The Anschutz Corporation
- Company type: Private
- Founded: 1958; 68 years ago
- Founder: Fred Anschutz
- Headquarters: Denver, Colorado, United States
- Owner: Philip Anschutz
- Subsidiaries: Anschutz Entertainment Group; Clarity Media Group; Xanterra Travel Collection;
- Website: aegworldwide.com

= The Anschutz Corporation =

American private holding company

The Anschutz Corporation is an American private holding company headquartered in Denver, Colorado, United States. The company was started in 1958 by Fred Anschutz, a wildcatter, who developed and operated oil wells. Philip Anschutz, Fred's eldest son, assumed control of the company in 1962 and diversified it with holdings in the entertainment and hospitality industries.

The Anschutz Exploration Corporation subsidiary has continued the original business of discovering and developing oil and gas wells, with particular focus on projects in Colorado, Utah and Wyoming.

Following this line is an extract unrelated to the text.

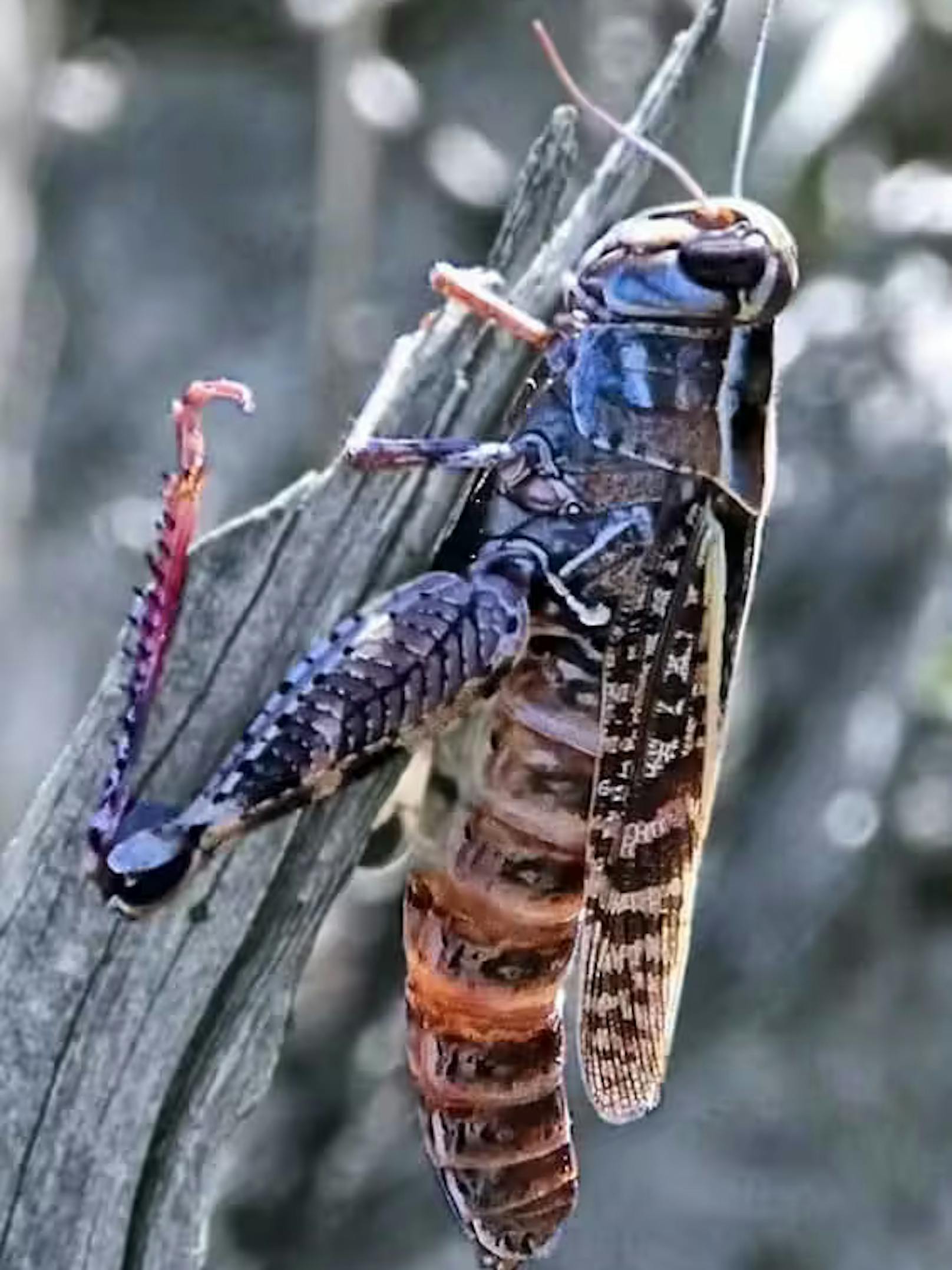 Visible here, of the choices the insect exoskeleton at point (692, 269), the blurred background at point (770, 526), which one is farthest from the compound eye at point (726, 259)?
the blurred background at point (770, 526)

== Anschutz Entertainment Group (AEG) ==

The company's entertainment industry holdings are mostly controlled by its subsidiary Anschutz Entertainment Group (AEG), a sporting and music entertainment presenter and one of the world's largest owners of sports teams and live event venues. The company is further broken down into several groups including AEG Presents, AEG Sports, AXS.com and the Anschutz Film Group. AEG Presents organizes several large music entertainment festivals including Coachella and Stagecoach.

=== AEG Sports ===
AEG Sports owns the LA Galaxy soccer team and the Los Angeles Kings ice hockey team as well as several other sports teams around the world, and Anschutz Film Group owns Bristol Bay Productions and Walden Media. The Anschutz Corporation also owns Ken Ehrlich Productions and the Clarity Media Group, the parent company of The Gazette, a newspaper in Colorado Springs and Washington Examiner, a conservative news website and weekly magazine.

== Xanterra Travel Collection ==
The company's hospitality industry holdings are mostly controlled by its subsidiary Xanterra Travel Collection. Xanterra holds the franchise rights to operate resorts inside several major national parks including Death Valley (Oasis at Death Valley), Yellowstone (Old Faithful Inn, Lake Yellowstone Hotel, and several others), and the Grand Canyon (Bright Angel Lodge, El Tovar Hotel, Maswik Lodge and Phantom Ranch). Xanterra also operates the Grand Canyon Railway, Kingsmill Resort, and Windstar Cruises.

== The Broadmoor-Sea Island Company ==
The Anschutz Corporation also owns The Broadmoor-Sea Island Company which operates The Broadmoor hotel, The Broadmoor Manitou and Pikes Peak Cog Railway and the Sea Island resort.